Di fatto, il Consiglio
federale, nonostante fosse contrario alla propaganda politica in Svizzera di
qualsiasi Paese straniero, tollerò a lungo che il regime fascista costituisse
soprattutto nelle principali città fasci, scuole, asili, mense, ecc. e
sovvenzionasse le associazioni che accettavano le direttive fasciste. Tutte le
Case d’Italia ancora esistenti, a parte qualcuna in Ticino sorta prima,
risalgono al periodo fascista.
Anche Berna doveva
avere il suo Fascio, la sua Scuola e la sua «Casa degli Italiani».
Questa fu inaugurata probabilmente nel 1927, alla Marienstrasse n. 4, in un
edificio che non esiste più, non lontano dalla sede dell’Ambasciata
(allora Legazione) d’Italia e dei servizi consolari. Vi avevano sede, a quanto
è dato sapere, le diverse associazioni italiane ammesse dal fascismo. Questo spiega,
fra l’altro, perché nell’agosto 1927 fosse stato inaugurato proprio nella «Casa
degli Italiani» uno dei primi «cinema-dopolavoro» e dunque la notevole
frequenza dei locali.
Dalla «Casa degli Italiani» alla «Casa d’Italia»
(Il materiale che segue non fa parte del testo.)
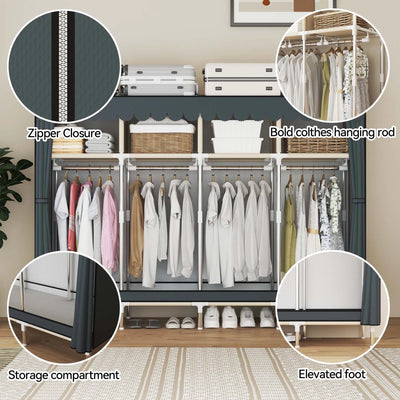 Heavy Duty Fabric Wardrobe 78.7x17.7x66.9in - 4 Hanging Rods & 4 Storage Spaces, 16mm Metal Frame with Thick Dust Cover - Smarsty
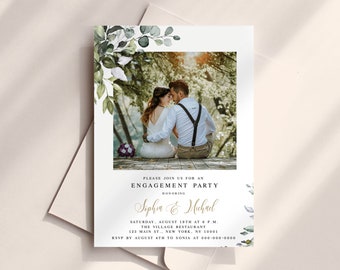 Photo Wedding Engagement Party Invitation Template, Fully Editable, Printable, Templett, Custom Invite, Boho, Greenery Gold, Bohemian #c61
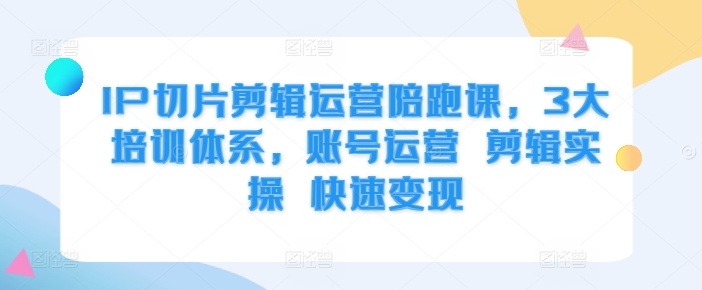 IP切片剪辑运营陪跑课，3大培训体系，账号运营 剪辑实操 快速变现-pcp资源社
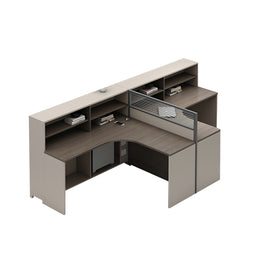 L-Shaped Office Desk with Built-In Outlets, Cable Management & Glass Top for Home Office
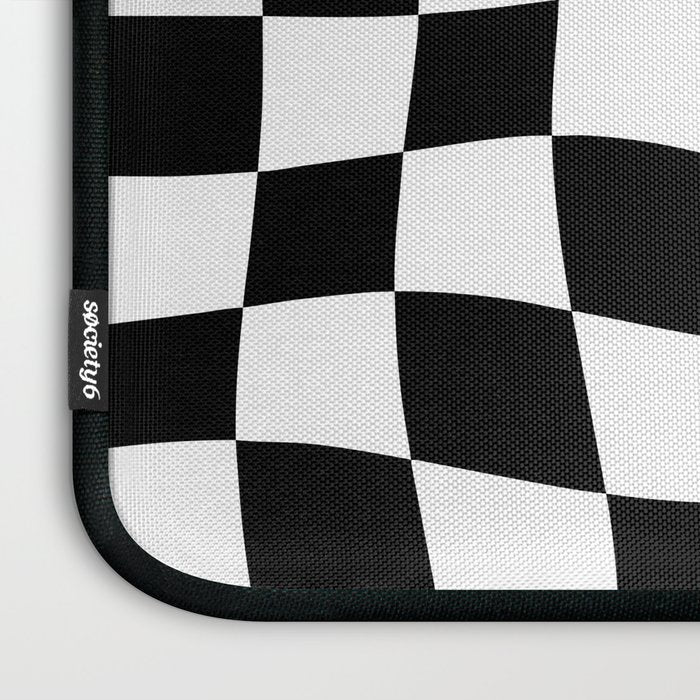 Warped Checkered Pattern (black/white) Laptop Sleeve Gallery Image 3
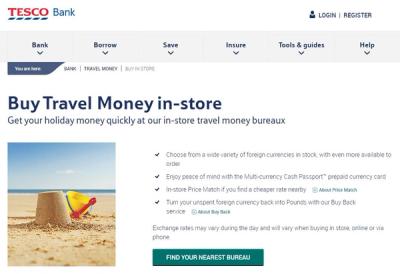 tesco online travel money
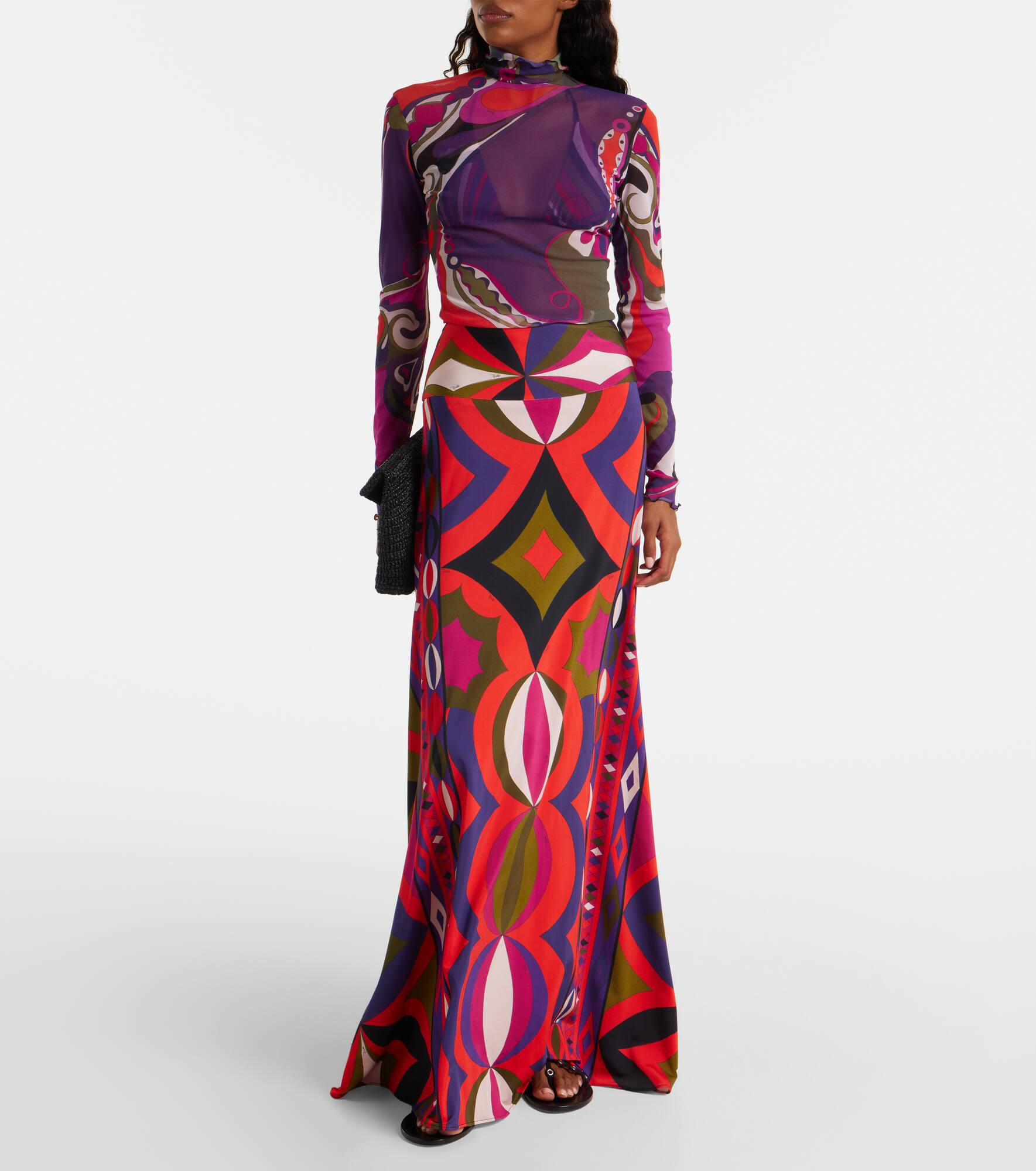 Printed jersey satin maxi skirt - 2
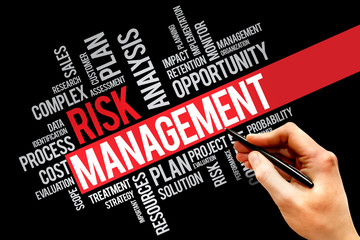 Risk management word cloud, business concept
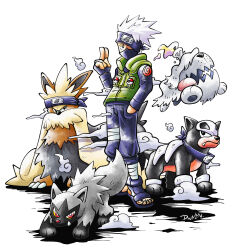  1boy absurdres blue_headband blue_pants bright_pupils colored_sclera commentary dog dwalkn english_commentary fangs freckles greavard green_vest grey_hair hand_in_pocket hatake_kakashi headband highres houndour konohagakure_symbol male_focus mask mouth_mask naruto_(series) pants poke_ball_symbol pokemon pokemon_(creature) poochyena red_eyes short_hair simple_background skin_fangs snout spiky_hair stoutland sugimori_ken_(style) tongue tongue_out vest white_background white_pupils yellow_sclera 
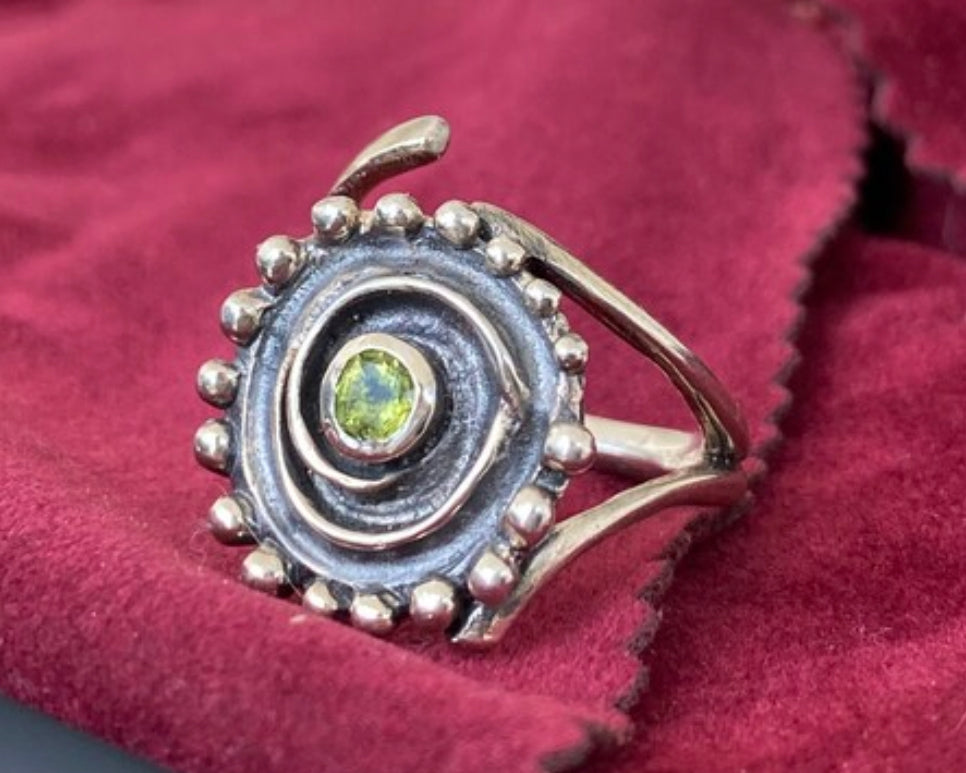 peridot silver statement ring, swirl handmade ring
La «Casa degli Italiani» restò in attività
almeno fino al 1937, quando venne acquisita la nuova sede nel quartiere della
Länggasse. Non è dato sapere il motivo che indusse i suoi dirigenti a cambiare
sede, per cui sono lecite diverse ipotesi. Una sarebbe legata alla prevista
demolizione dell’edificio, un’altra sarebbe suggerita dal fatto che ormai la
maggioranza degli italiani viveva nei quartieri periferici della città,
specialmente in quello della Länggasse, e non dispiaceva trasferire la «Casa
degli Italiani» in quella zona della città, fra l’altro ben servita da una
efficiente linea tranviaria.
Tra la «Casa degli Italiani» e la nuova «Casa
d’Italia» ci fu continuità di gestione e d’intenti, in sintonia con la
politica del regime. Tanto è vero che l’assemblea di fondazione dell’Associazione
«Casa d’Italia» si tenne nella «Casa degli Italiani», i soci fondatori erano
tutti espressione del regime fascista e all’inaugurazione della nuova sede
partecipò, oltre al ministro d’Italia e al segretario del fascio locale, la
marchesa Paolucci Calboli figlia dell'ex ministro d'Italia a Berna durante la
guerra, che donò una somma importante per l’acquisizione della nuova casa
d’Italia. Una cronaca (di parte) riferì anche che alla manifestazione aveva
assistito «la colonia italiana al completo».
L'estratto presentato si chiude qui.